*** Block opens ***

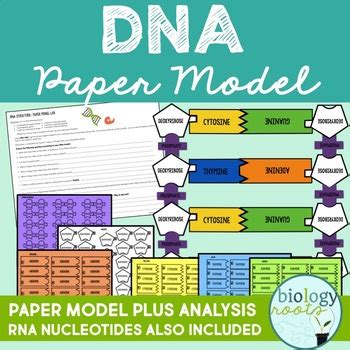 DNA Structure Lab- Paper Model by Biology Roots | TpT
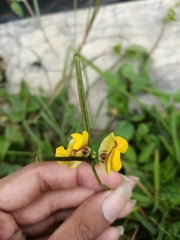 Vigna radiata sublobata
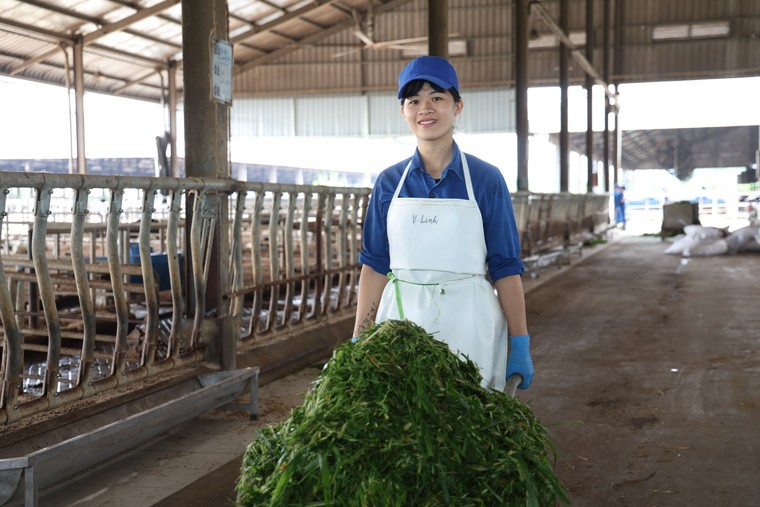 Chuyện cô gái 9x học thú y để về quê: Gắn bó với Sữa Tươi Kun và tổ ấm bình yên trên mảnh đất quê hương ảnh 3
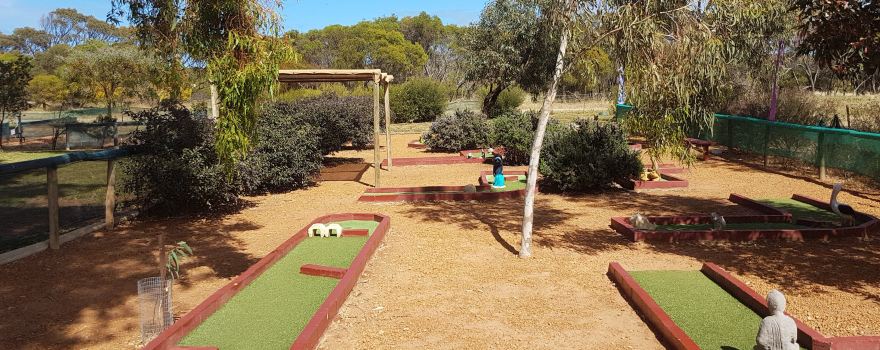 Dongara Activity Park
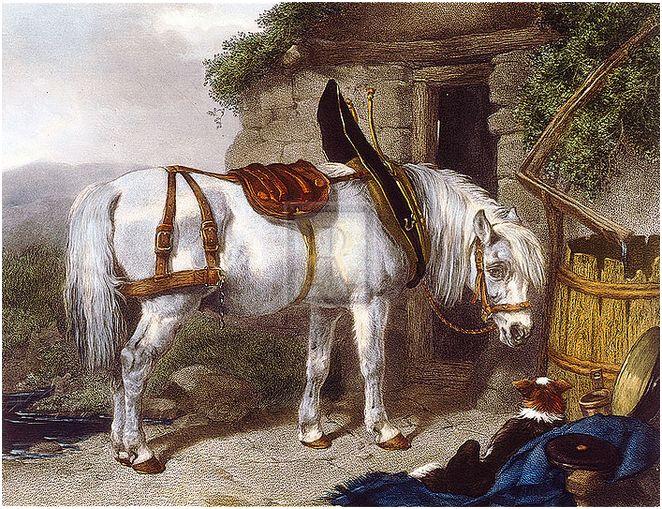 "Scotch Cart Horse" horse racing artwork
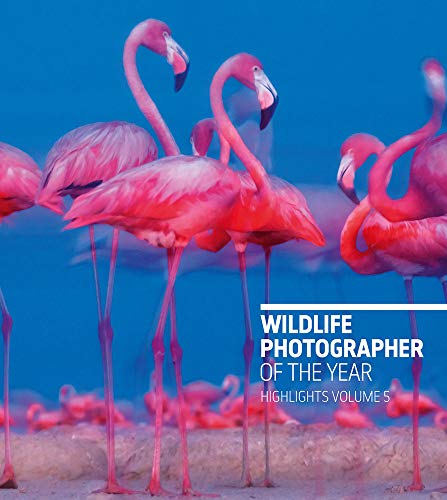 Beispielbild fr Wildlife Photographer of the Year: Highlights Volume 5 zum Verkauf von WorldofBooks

*** Block closes ***
*** Block opens ***

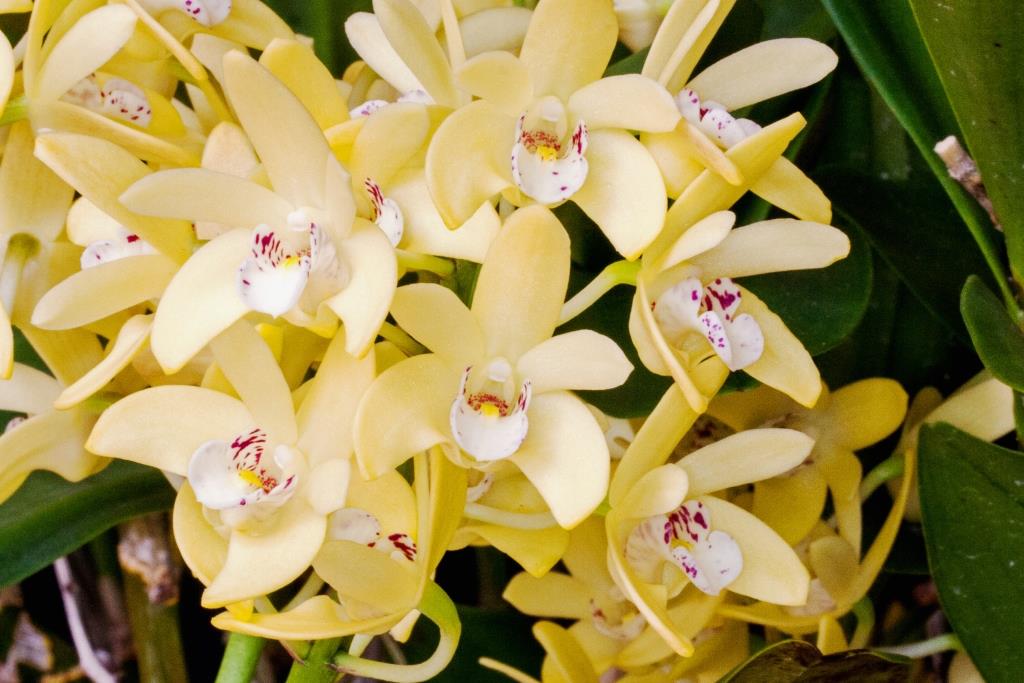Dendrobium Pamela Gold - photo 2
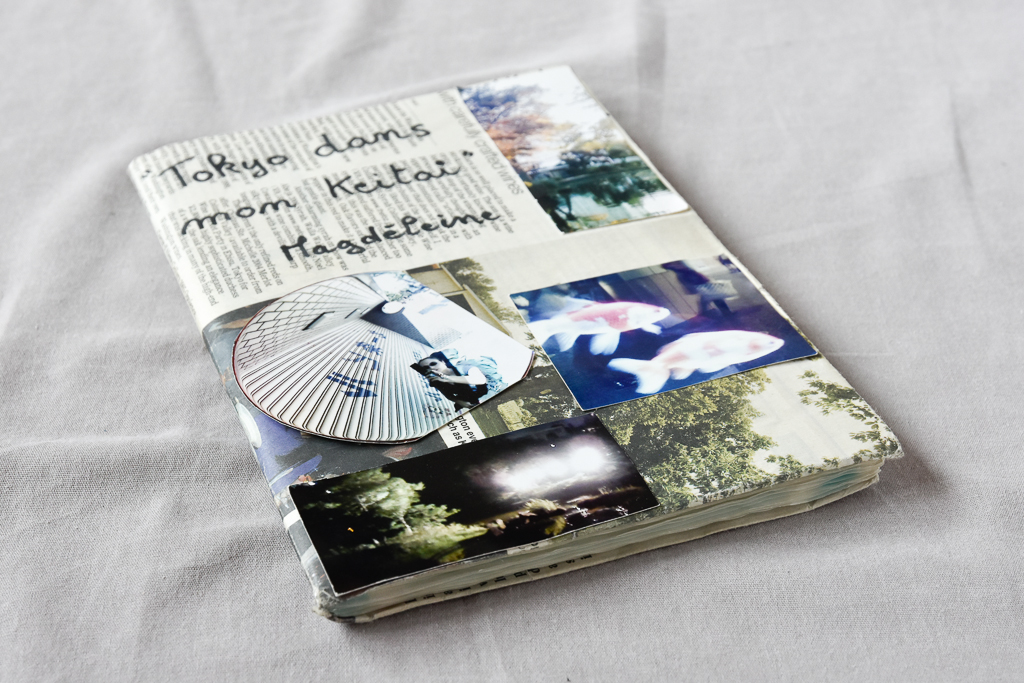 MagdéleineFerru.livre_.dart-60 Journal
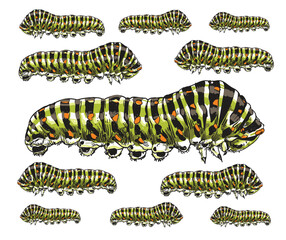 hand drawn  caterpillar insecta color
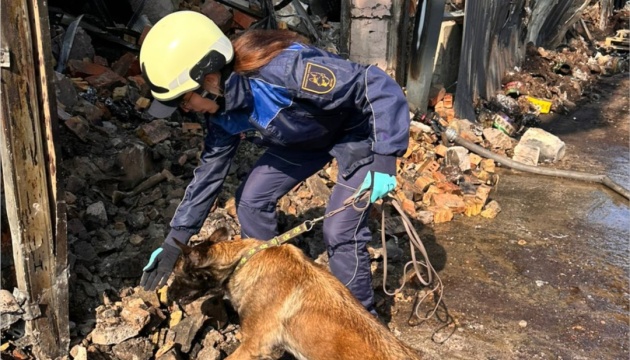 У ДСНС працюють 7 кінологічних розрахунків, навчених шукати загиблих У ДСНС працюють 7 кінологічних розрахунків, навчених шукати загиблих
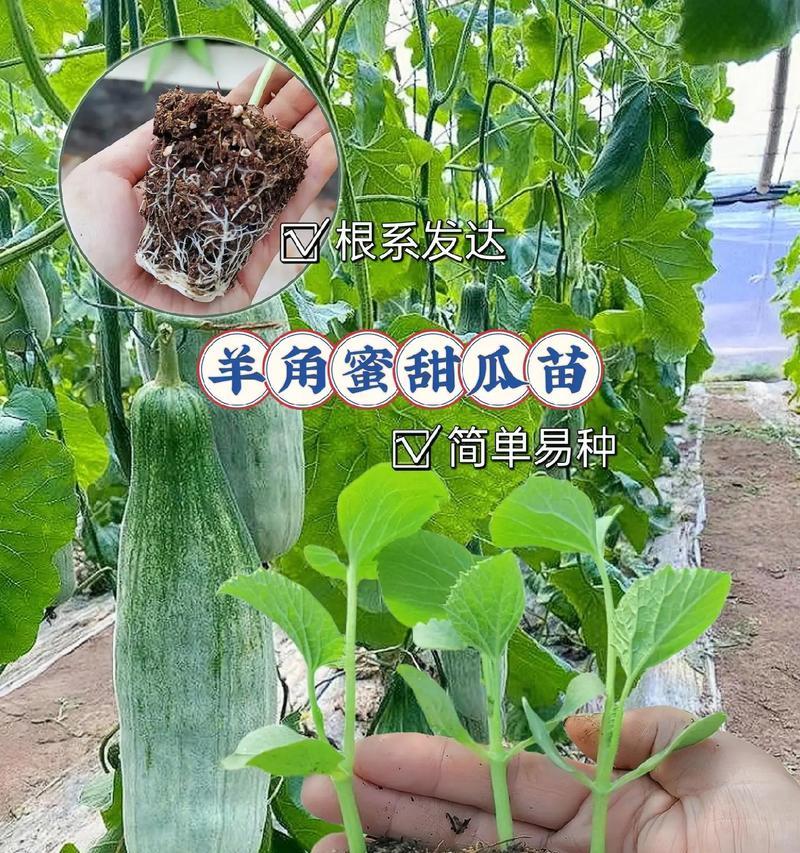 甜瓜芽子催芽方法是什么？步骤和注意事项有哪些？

*** Block closes ***
*** Block opens ***

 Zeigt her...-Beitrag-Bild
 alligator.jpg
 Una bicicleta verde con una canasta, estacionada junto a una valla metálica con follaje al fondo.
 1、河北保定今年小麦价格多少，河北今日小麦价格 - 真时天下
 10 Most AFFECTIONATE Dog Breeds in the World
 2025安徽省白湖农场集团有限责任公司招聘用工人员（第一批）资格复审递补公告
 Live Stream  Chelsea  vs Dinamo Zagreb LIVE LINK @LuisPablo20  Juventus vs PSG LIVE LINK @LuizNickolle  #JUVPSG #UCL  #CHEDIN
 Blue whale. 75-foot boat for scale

*** Block closes ***

# Activity
Starting at the line above that has "Dongara Activity Park" and ending at the line that has "Beispielbild fr Wildlife", copy each line exactly, leaving the pictures out and adding nothing.

# Solved exercise
 Dongara Activity Park
 "Scotch Cart Horse" horse racing artwork
 Beispielbild fr Wildlife Photographer of the Year: Highlights Volume 5 zum Verkauf von WorldofBooks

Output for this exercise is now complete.